La cérémonie, organisée à la gare routière de Bôdô à l’initiative du secrétaire général du bureau de la mutuelle du village, Marius Rocheteau Yapo, a été marquée par la lecture d’une déclaration officielle par dame Solange Stéphanie Yavo, au nom des populations.
Ainsi, les habitants ont condamné les actes de vandalisme commis par des individus qualifiés « d’incontrôlés », tout en regrettant particulièrement les incidents ayant visé le ministre et sa suite lors de leur visite dans le village.

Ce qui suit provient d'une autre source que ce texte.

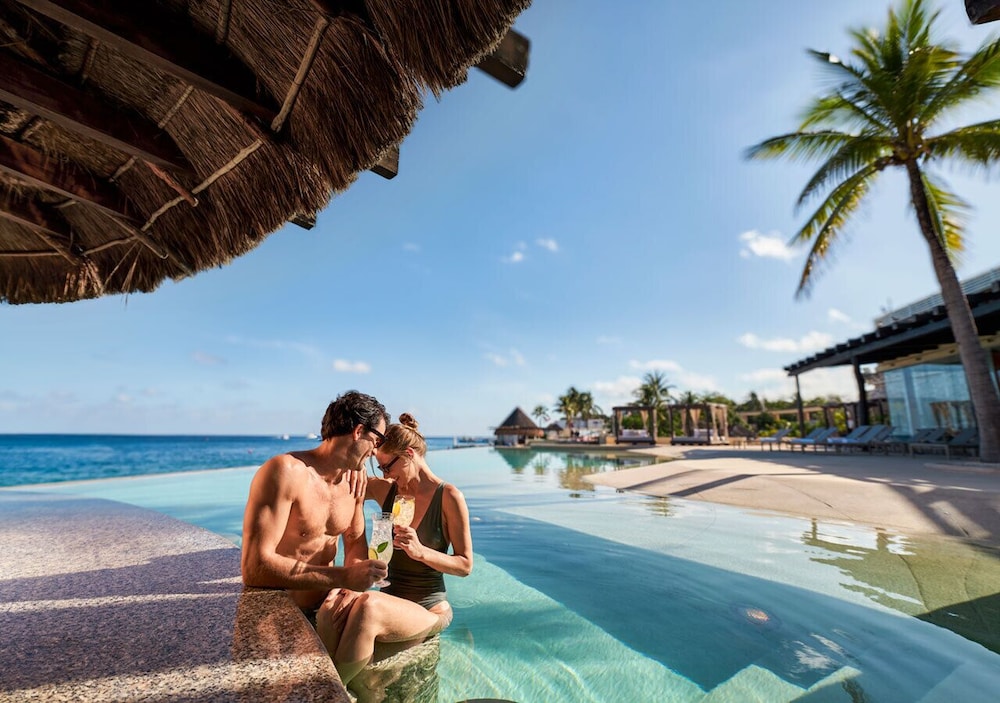 swimming pool spa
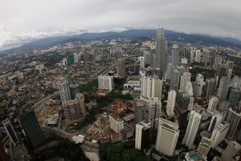 Blick von KL Tower auf die Petronas Towers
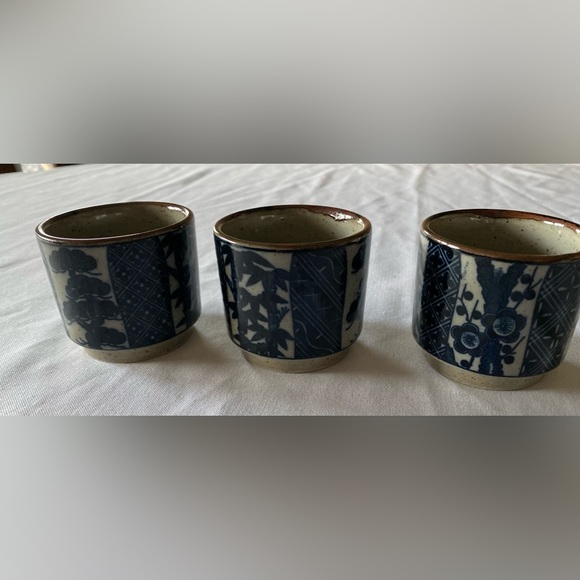 Japanese Tea Cups Set of 3 - Picture 7 of 10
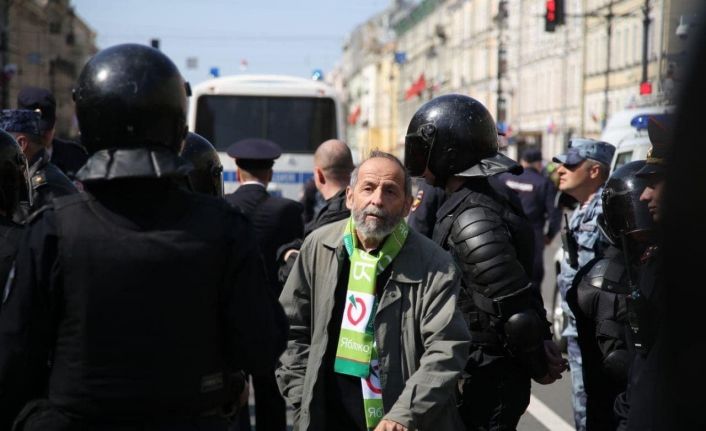 Rusya’daki Duma seçimlerinde 3 adayın adı, soyadı ve dış görünüşleri aynı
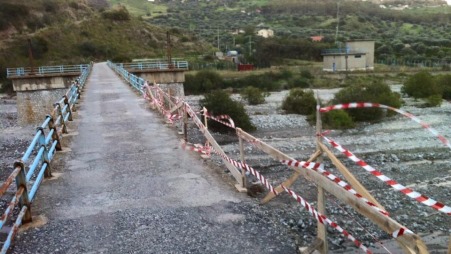 Caulonia, il ponte Amusa verrà riqualificato In fase di ultimazione i lavori di sistemazione della strada comunale di Campoli-Cerasara e di riqualificazione del borgo di Ursini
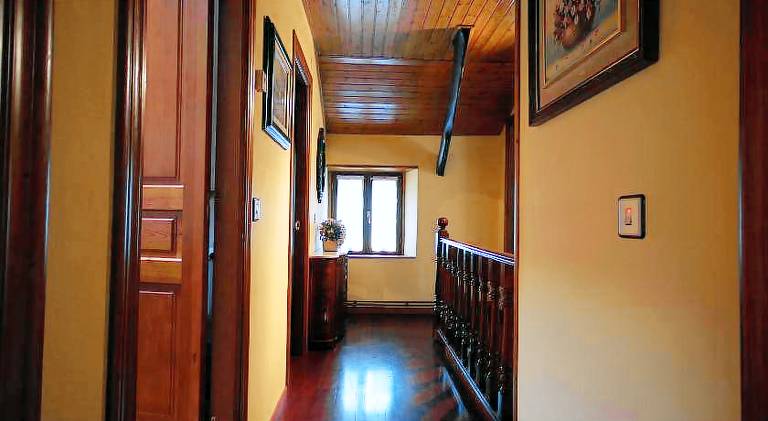 House with barbeque, yard & terrace — photo 5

Les populations ont également imploré la clémence du président de la République, Alassane Ouattara, et du gouvernement pour les faits survenus à l’encontre de « cet illustre fils de la région ». Elles ont par ailleurs demandé pardon au chef du village ainsi qu’à l’ensemble des populations de la région de l’Agneby-Tiassa pour les préjudices subis et l’image négative donnée par Bôdô.
Les excuses ont aussi porté sur les actes de vandalisme ayant conduit à l’incendie de la résidence du chef du village, ainsi que de son véhicule et de celui d’un autre ressortissant de la localité.
S’associant à cette démarche d’apaisement, les femmes du village, par la voix de leur présidente, Berthe Kassi, ont assuré que de telles violences ne se reproduiraient plus à Bôdô.
Selon des sources villageoises, les incidents du 9 mai ont éclaté après l’interpellation d’un jeune du village, Hyppolite N’Guessan, pour des propos jugés offensants à l’endroit du ministre Pierre Dimba, tenus au domicile du chef du village. Des individus réclamant sa libération avaient alors tenté d’empêcher le départ de la délégation ministérielle.
L’intervention des forces de l’ordre a permis l’exfiltration du ministre et de ses collaborateurs, avant que des actes de vandalisme et une intervention musclée des forces de sécurité ne surviennent pour rétablir l’ordre dans le village.
Au total, 75 personnes, dont une femme, deux élèves en classe d’examen ainsi qu’un serviteur de Dieu, sont en garde à vue à la brigade de recherches de la gendarmerie ainsi que dans les camps de gendarmerie de Koumassi, Agban et Abobo.